## INFORMATION
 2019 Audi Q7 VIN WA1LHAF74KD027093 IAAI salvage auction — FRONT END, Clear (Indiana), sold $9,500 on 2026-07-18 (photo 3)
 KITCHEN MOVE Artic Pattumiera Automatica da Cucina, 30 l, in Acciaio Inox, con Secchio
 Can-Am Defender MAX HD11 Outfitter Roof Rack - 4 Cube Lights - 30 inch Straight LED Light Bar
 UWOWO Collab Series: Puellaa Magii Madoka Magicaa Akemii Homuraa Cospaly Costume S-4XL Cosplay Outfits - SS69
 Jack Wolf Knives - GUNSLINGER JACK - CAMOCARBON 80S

==

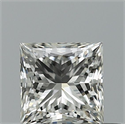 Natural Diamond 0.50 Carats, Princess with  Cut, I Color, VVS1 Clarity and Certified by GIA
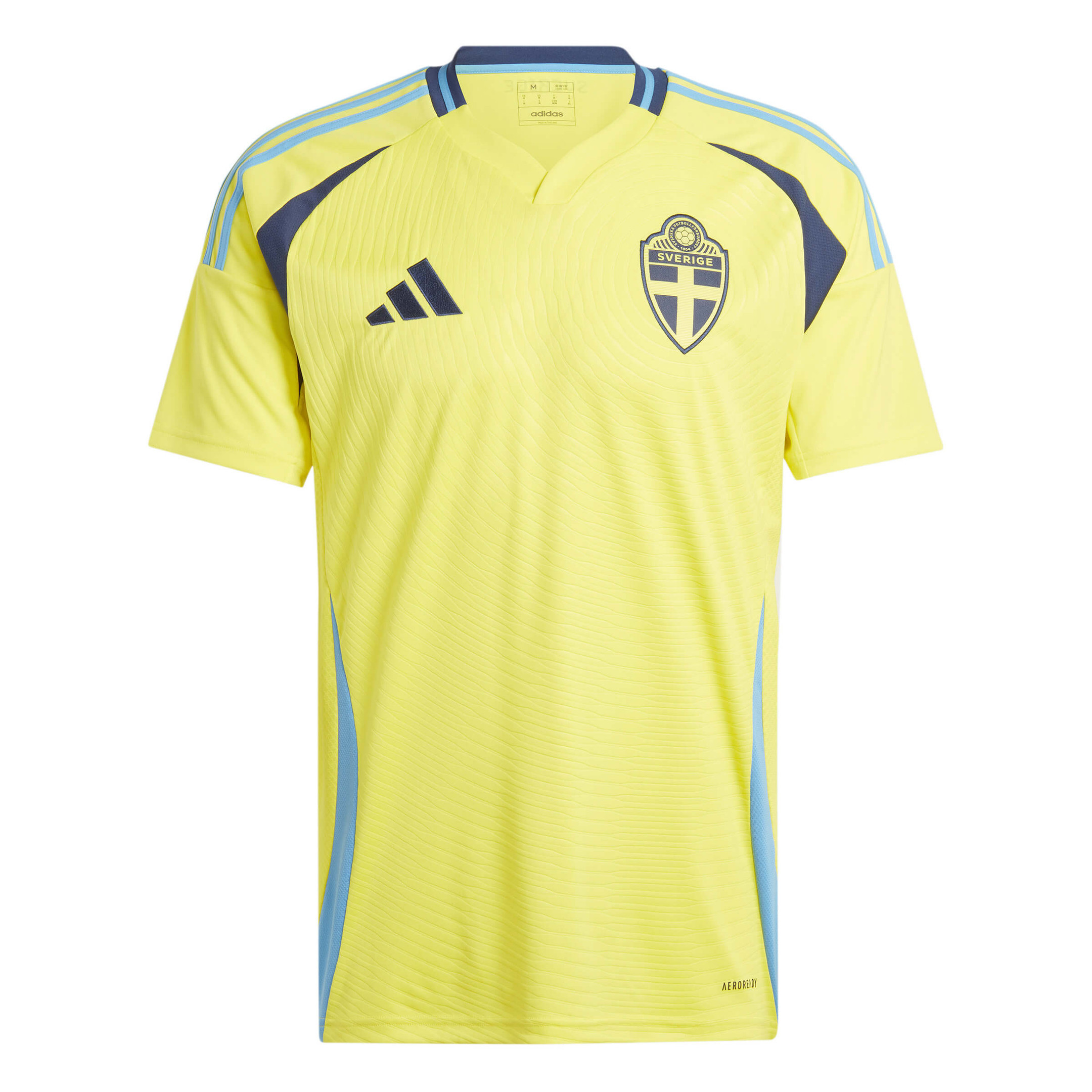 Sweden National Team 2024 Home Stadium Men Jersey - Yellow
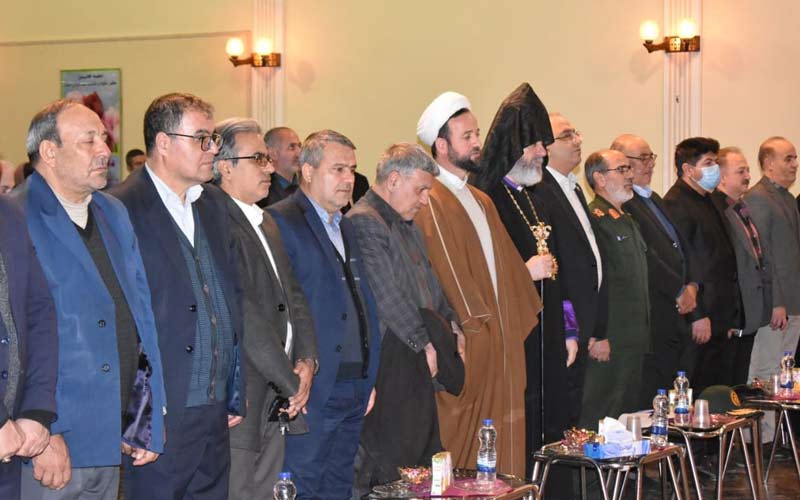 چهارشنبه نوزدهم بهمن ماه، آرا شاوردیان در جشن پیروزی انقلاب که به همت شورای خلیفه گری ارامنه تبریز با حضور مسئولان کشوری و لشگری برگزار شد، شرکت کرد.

* * *

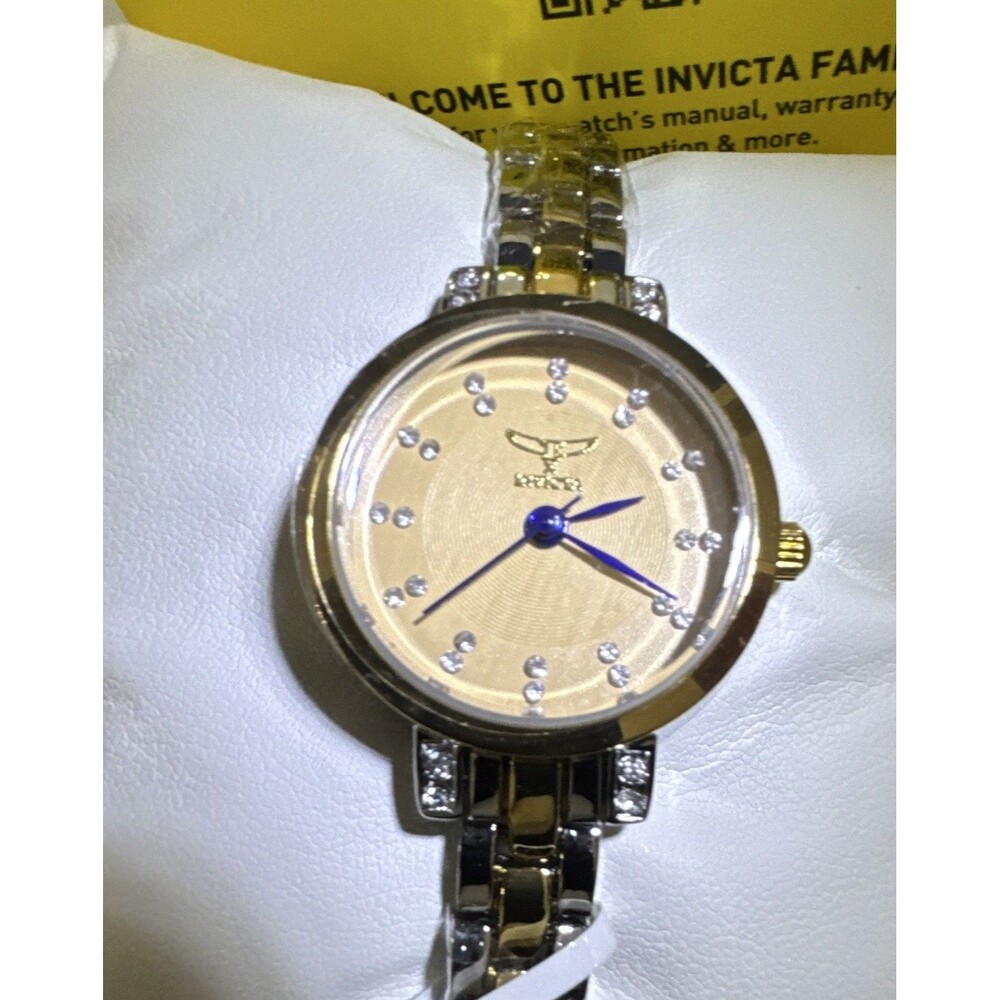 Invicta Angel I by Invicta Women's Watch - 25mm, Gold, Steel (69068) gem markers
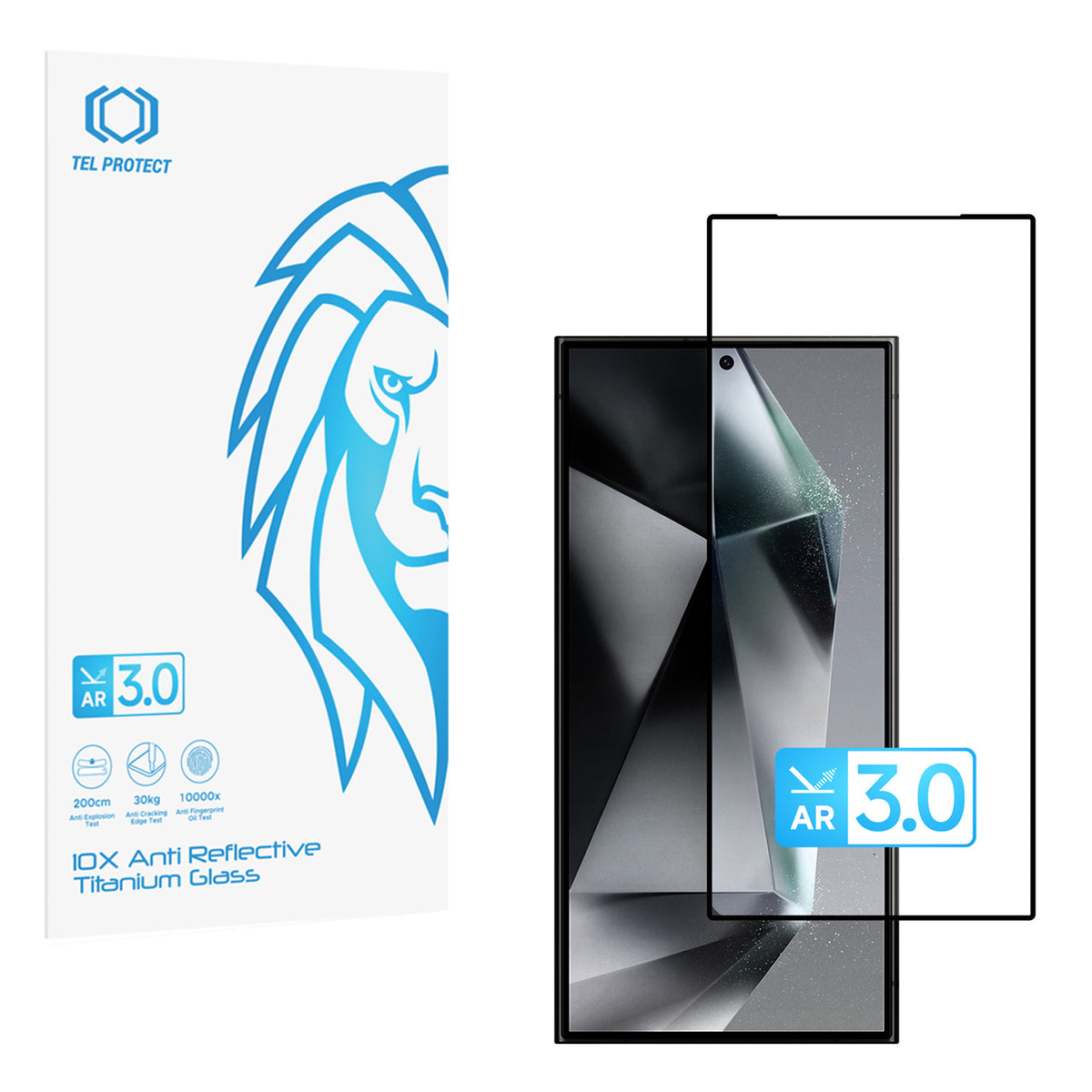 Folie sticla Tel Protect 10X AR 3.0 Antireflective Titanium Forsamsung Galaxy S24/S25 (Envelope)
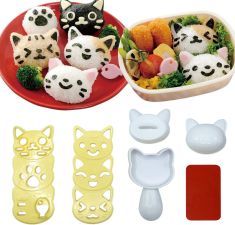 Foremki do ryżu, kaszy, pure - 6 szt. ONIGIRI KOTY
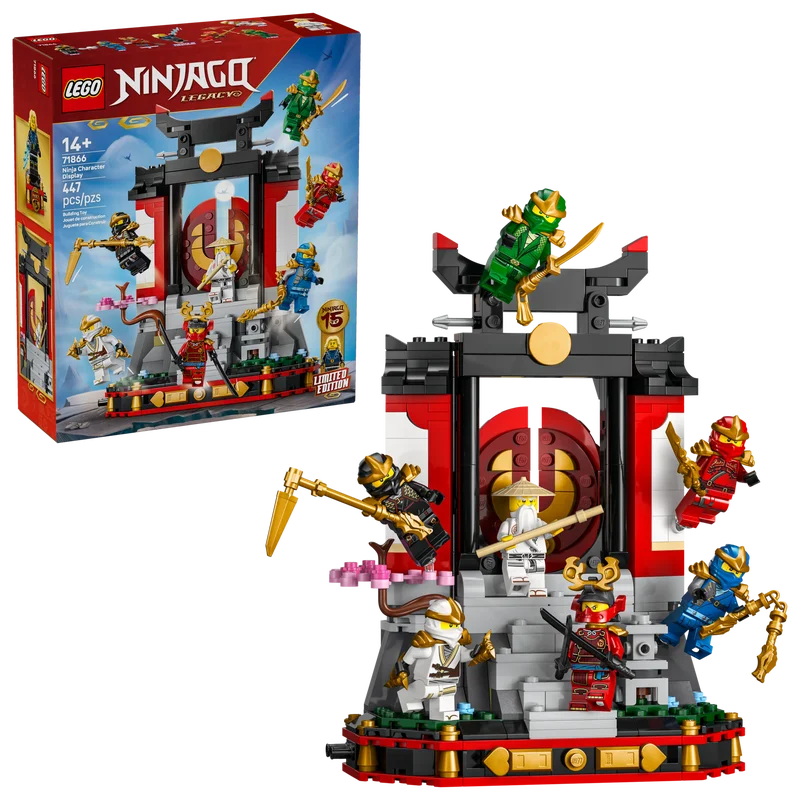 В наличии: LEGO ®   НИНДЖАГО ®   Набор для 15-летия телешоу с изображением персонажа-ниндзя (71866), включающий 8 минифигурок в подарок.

## TASK STATEMENT
Which lines above run from the one containing "2019 Audi Q7" to the one containing "Jack Wolf Knives"? Give them again exactly, both ends included.

## ANSWER TO THIS EXERCISE
 2019 Audi Q7 VIN WA1LHAF74KD027093 IAAI salvage auction — FRONT END, Clear (Indiana), sold $9,500 on 2026-07-18 (photo 3)
 KITCHEN MOVE Artic Pattumiera Automatica da Cucina, 30 l, in Acciaio Inox, con Secchio
 Can-Am Defender MAX HD11 Outfitter Roof Rack - 4 Cube Lights - 30 inch Straight LED Light Bar
 UWOWO Collab Series: Puellaa Magii Madoka Magicaa Akemii Homuraa Cospaly Costume S-4XL Cosplay Outfits - SS69
 Jack Wolf Knives - GUNSLINGER JACK - CAMOCARBON 80S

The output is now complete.